SEXTO. Por todo lo expuesto en los precedentes ordinales, procede desestimar los recursos de apelación interpuestos por la AUGC y por la UOGC y confirmar los Autos de 3 de diciembre de 2.014 y 27 de febrero de 2.015 , por los que, respectivamente, se acuerda y mantiene el sobreseimiento provisional y archivo de las actuaciones.
SÉPTIMO. Procede declarar de oficio las costas de esta alzada, de conformidad con lo dispuesto en los artículos 239 y 240.1º de la Ley de Enjuiciamiento Criminal .

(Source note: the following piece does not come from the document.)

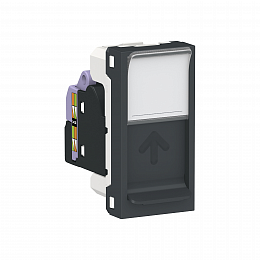 Розетка компьютерная RJ45, одиночная, кат. 6 UTP, 1 модуль (антрацит) Unica Modular Schneider Electric. Вид 1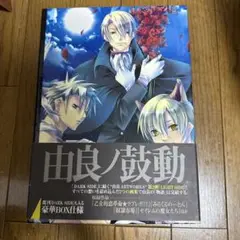 ♢ 由良 ARTWORKS フルカラーイラスト集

En atención a todo lo expuesto este Tribunal HA DECIDIDO: PARTE DISPOSITIVA Desestimar los recursos de apelación interpuestos, respectivamente, por el Procurador D. Domingo Collado Molinero, en nombre y representación de la 'ASOCIACIÓN UNIFICADA DE GUARDIAS CIVILES', y por el Procurador D. Jorge Andrés Pajares Moral, en nombre y representación de la 'UNIÓN DE OFICIALES DE LA GUARDIA CIVIL', y CONFIRMAR los Autos de 3 de diciembre de 2.014 y 27 de febrero de 2.015, dictados por el Juzgado de Instrucción nº 39 de Madrid en sus diligencias previas nº 166/12, por los que, respectivamente, se acuerda y mantiene el sobreseimiento provisional y archivo de las referidas diligencias.
Se declaran de oficio las costas de esta alzada.
Así, por este nuestro Auto, lo acordamos, mandamos y firmamos.